Chocolate Chip Cutout Cookies

Like most bakers I have a go-to cutout cookie recipe. It's my favorite because it doesn't require softened butter, maintains its shape while baking and tastes more like shortbread than a rock hard sugar cookie (win/win/win). I use it ALL the time. And that can get boring. So, this time I took inspiration from all of the Valentine's Day chocolate goodies out there and tossed a few mini chocolate chips into my dough. The results couldn't be lovelier. Now I have a new classic recipe for cookie decorating projects. Like these little hearts!

Why I love these chocolate chip cutouts

I'm loving the simplicity and size of these chocolate chip cutout cookies. Mini chips, mini cookies, mini yum. Who doesn't love a bite sized treat? I iced half of each cookie in pale pink or white royal icing to showcase the chocolate chips, but it also cut down on my decorating time. Gotta love that!

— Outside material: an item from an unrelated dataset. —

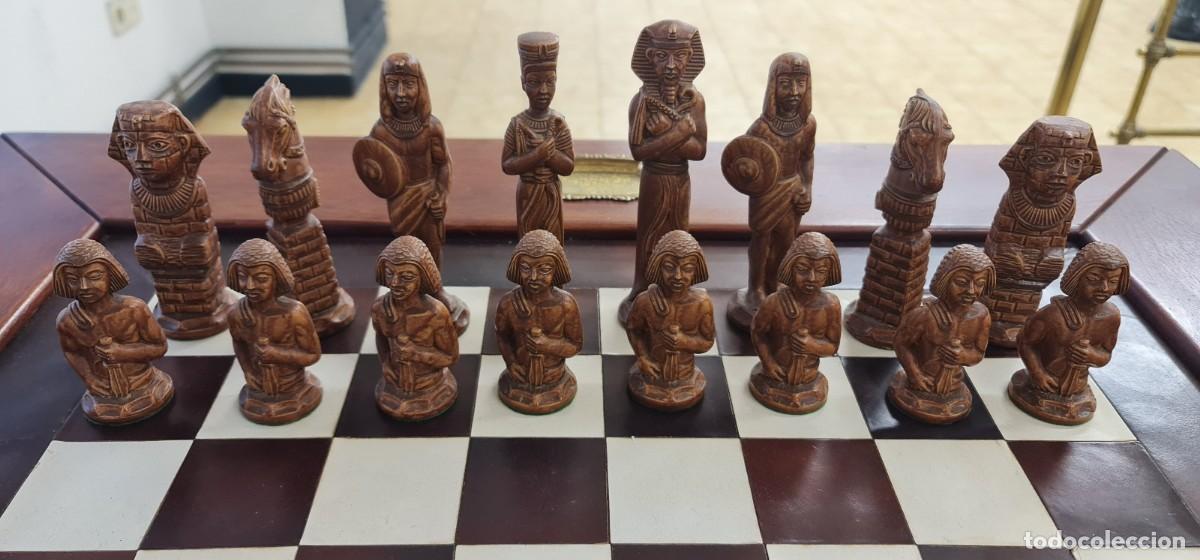 Antig&uuml;edades: Mesa tablero de ajedrez y figuras egipcias - Foto 4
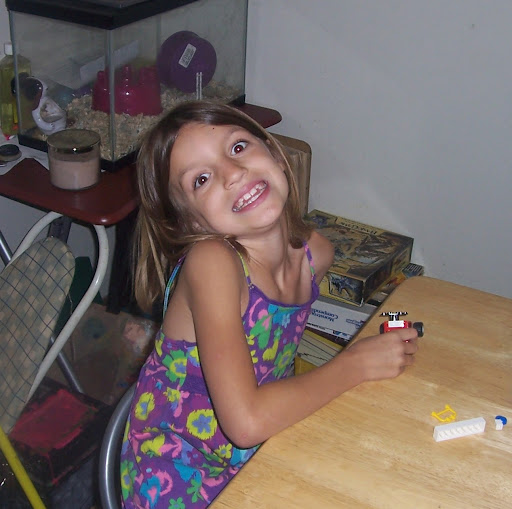 Elizabeth Kuhn Photo 38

Tips, techniques + takeaways

A small (6"x6") chevron stencil was large enough to airbrush 2 cookies at once.

I used a piece of card stock to cover the unfrosted part of the cookie to catch the overspray.

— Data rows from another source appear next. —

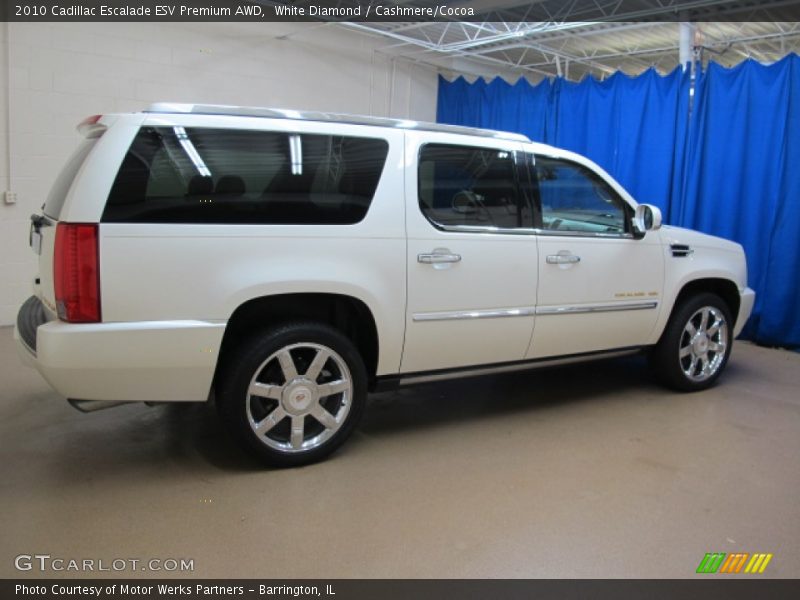 White Diamond / Cashmere/Cocoa 2010 Cadillac Escalade ESV Premium AWD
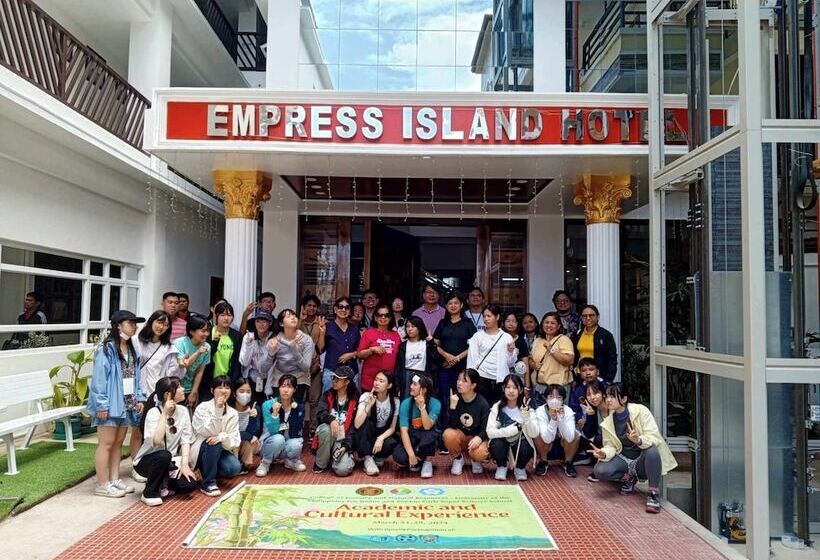 Hotel Empress Island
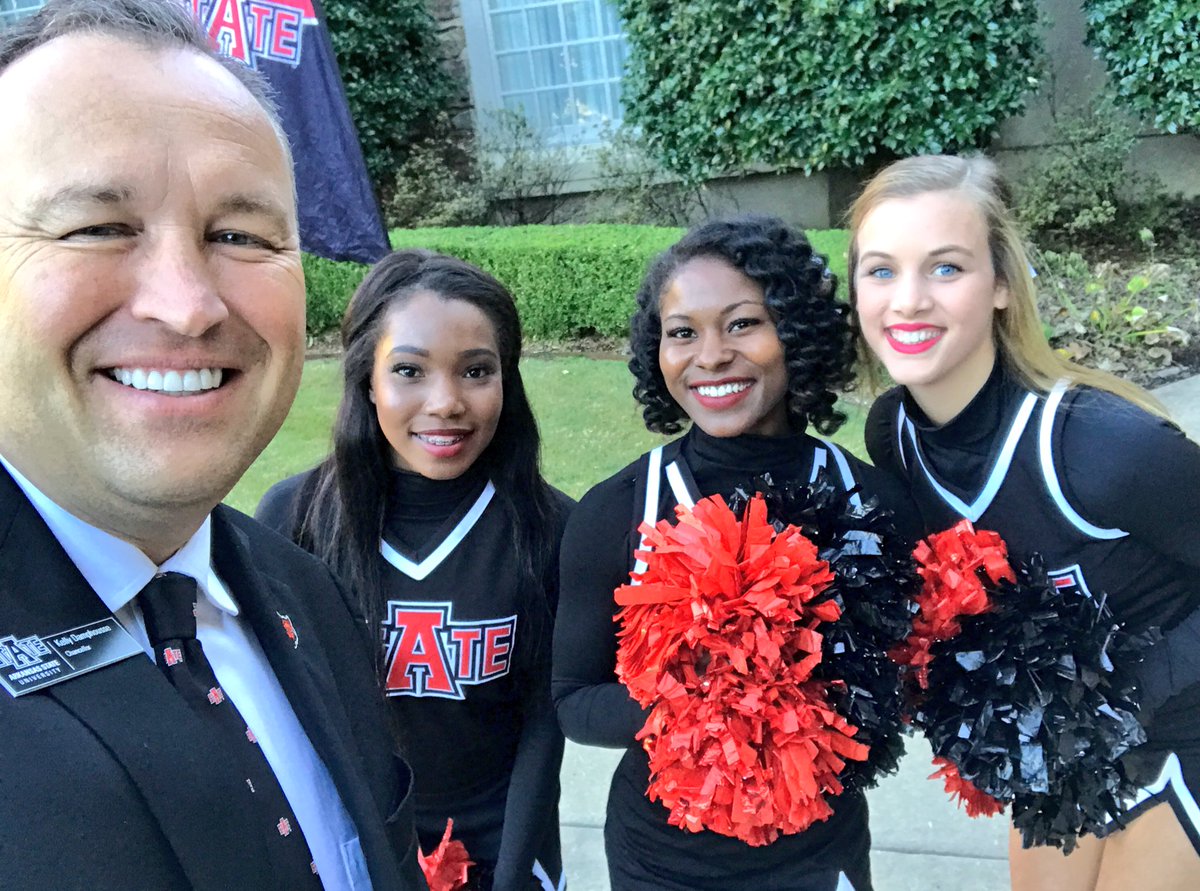 kdamp's tweet photo. Thanks to @AStateBands and @AStateSpirit for being a huge part of last night's recruiting dinner in Little Rock. You brought it! ❤️🐺🆙 https://t.co/FibAEveVn9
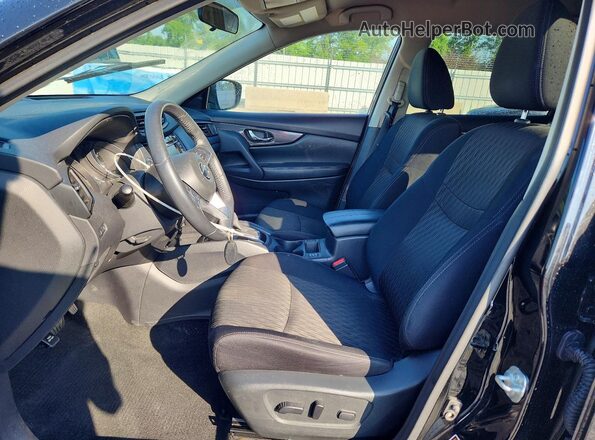 5N1AT2MT5JC800574 2018 NISSAN ROGUE Black Front interior view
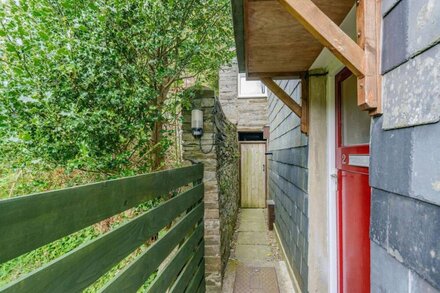 2 ISYGRAIG, pet friendly, with a garden in Corris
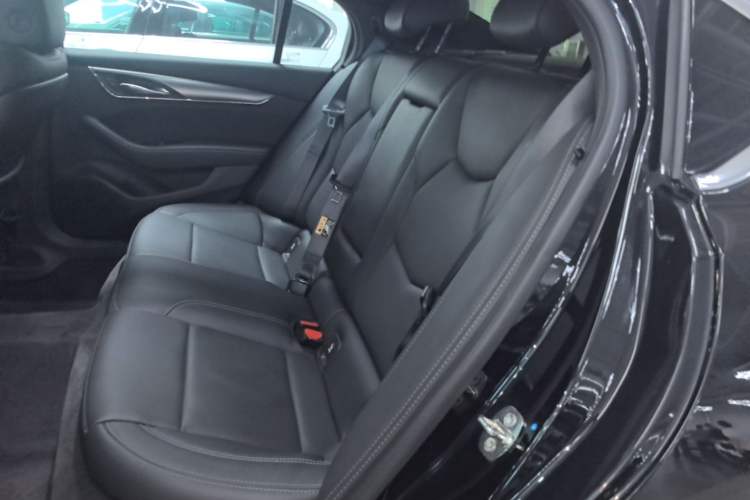 Used Cadillac CT5 2023 28T Luxury Edition (Standard Version) Left Rear Seat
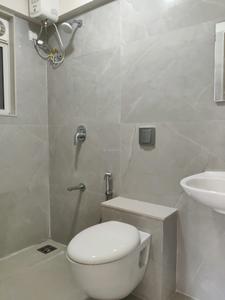 Common Bathroom Image of 800 Sq.ft 3 BHK Apartment / Flat for rent in Swastik Platinum, Vikhroli East Mumbai for Rs. 70000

Heidi Swapp Chevron Stencil

Jes Best Chocolate Chip Cutout Cookies

Makes 2-3 dozen cutout cookies (depending on size)

3 cups all-purpose flour
1/2 teaspoon baking powder
1/4 teaspoon kosher salt
1 1/4 cups chilled unsalted butter, cut into 1/2" cubes
1 cup sugar
1 large free-range egg
1 large free-range egg yolk
1 tsp. vanilla extract
1/4 cup mini chocolate chips

  1. Sift 3 cups flour, baking powder and salt into a medium sized bowl. Set aside.

  2. Using an electric mixer with the paddle attachment, beat butter and sugar on high speed until well combined (butter does not need to be fluffy), about 3 minutes.

  3. Add egg, egg yolk, and vanilla; beat just to combine. Reduce speed to low and gradually add dry ingredients. Mix until dough comes together.

  4. Roll dough to desired thickness (1/8"-1/4") between two pieces of lightly floured parchment paper on a Silpat mat or flexible cutting mat. Continue to flour top of dough so parchment doesn't stick or crease.

  5. Remove top parchment and sprinkle dough evenly with mini chocolate chips. Replace parchment and gently roll chocolate chips into dough.

  6. Transfer mat and rolled dough to refrigerator to chill for about 2 hours.

  7. With "chip side" down, cut dough to desired shapes and place on baking sheet pans lined with parchment paper. Chill again until ready to bake. Ideally, 20-30 minutes.

  8. Preheat oven to 325º

  9. Bake until edges are slightly golden, about 12–16 minutes, depending on size. Let cookies cool slightly on pans then transfer to wire racks to cool completely.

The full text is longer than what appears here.